“The Motorcade Sped On” by Steinski and Mass Media is an old favourite from way back. I first heard it when it was given away as a free 45 with an issue of the NME in 1987. It sounds a little clunky now, but it still works like crazy, doesn’t it? As blogger Gutter writes, “It’s almost like a pop-song structure, with the sirens and “Mrs Kennedy jumped up, she called ‘oh no’” section acting as a chorus. I think it’s one of the finest examples of the early hip hop cut ‘n’ paste montage approach ever.” I interviewed Adam Levine from Maroon 5 a few weeks ago, and in the dying moments of our conversation, I asked him—because he was in Texas at the time, and because I am an obsessed man—“Who killed John F. Kennedy?”

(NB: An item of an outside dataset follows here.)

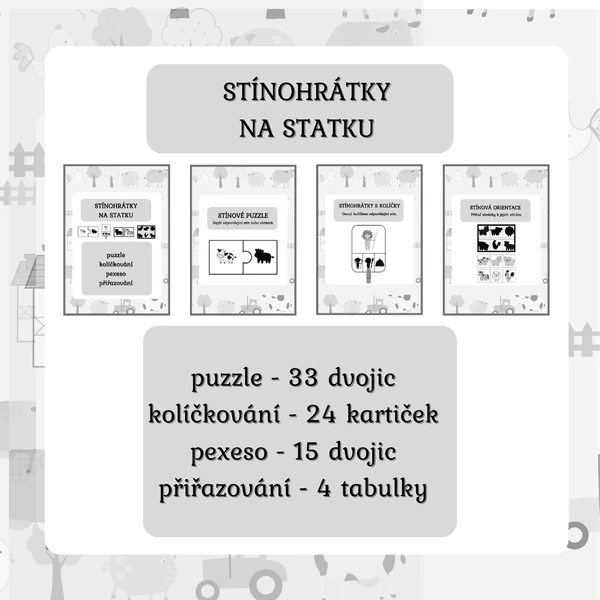 Na statku - černobílé hry se stíny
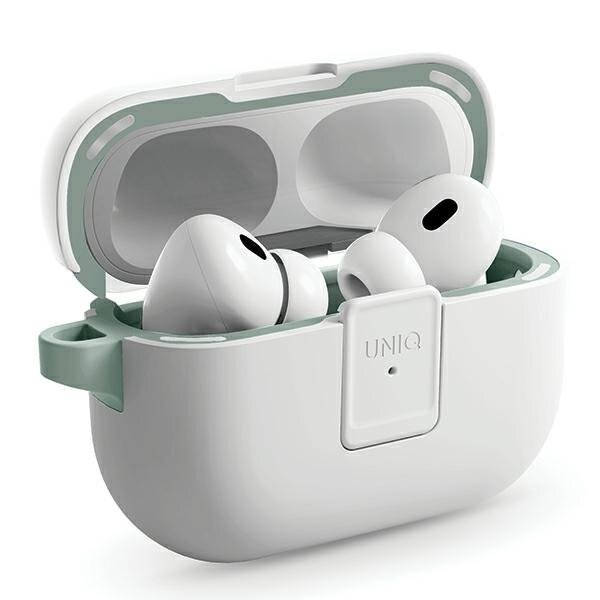 AirPods Pro 2 Uniq Clyde Lock dėklas – baltas ir žalias 2 AirPods Pro 2 Uniq Clyde Lock dėklas – baltas ir žalias 2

It was foolish of me to expect much of an answer, but I had already gotten what I needed out of a fairly perfunctory Q-and-A. This was the quick-fire round at the very end. “Do you enjoy sushi? What’s it like banging Jessica Simpson? Who killed JFK?” Standard industry boilerplate, really. His response: “I don’t care anymore. Honestly, if they haven’t figured it out at this point.... It’s probably some weird blanketed government conspiracy that we will never know the full truth about, and there have been so many more unbelievable atrocities committed since then, I think we should probably focus on those. It’s, like, 20th in line.” I’ll resist the urge to make some crack about “unbelievable atrocities” and Maroon 5, and just add this: at least Levine didn’t say, “Oswald.”
Vincent Bugliosi did, though. In May, the former Manson prosecutor published his towering work of imagination, Reclaiming History: the Assassination of President John F. Kennedy. In a brisk 1,600 pages or so, Bugliosi makes the case that Oswald was just some lone nut with a devastatingly good shot and absolutely no connection to the CIA. After reading about 250 of those pages in Chapters one day, I’d like to advance my theory that Vincent Bugliosi is the lone nut, but I’d be wrong; he’s getting lots of help. It didn’t take long for HBO to announce that it was turning Reclaiming History into a miniseries, with Tom Hanks as executive producer. I thought I had this whole Kennedy thing more-or-less figured out until the guy from Turner and Hooch got on board. Now I don’t know what to think. Maybe I’ll just stop thinking altogether. I’ll stop thinking about how the events in Dallas on Nov. 22, 1963 made possible so many of the “unbelievable atrocities” that have followed, and I’ll stop thinking about who, precisely, has benefited from it ever since.
The motorcade sped on, all right. Further and further away from America’s singular moment of truth. I hate to say it, but you have to admire the machine that has driven that brain-spattered limo from the pole position in late 20th century history, and into its current place, “like, 20th in line.”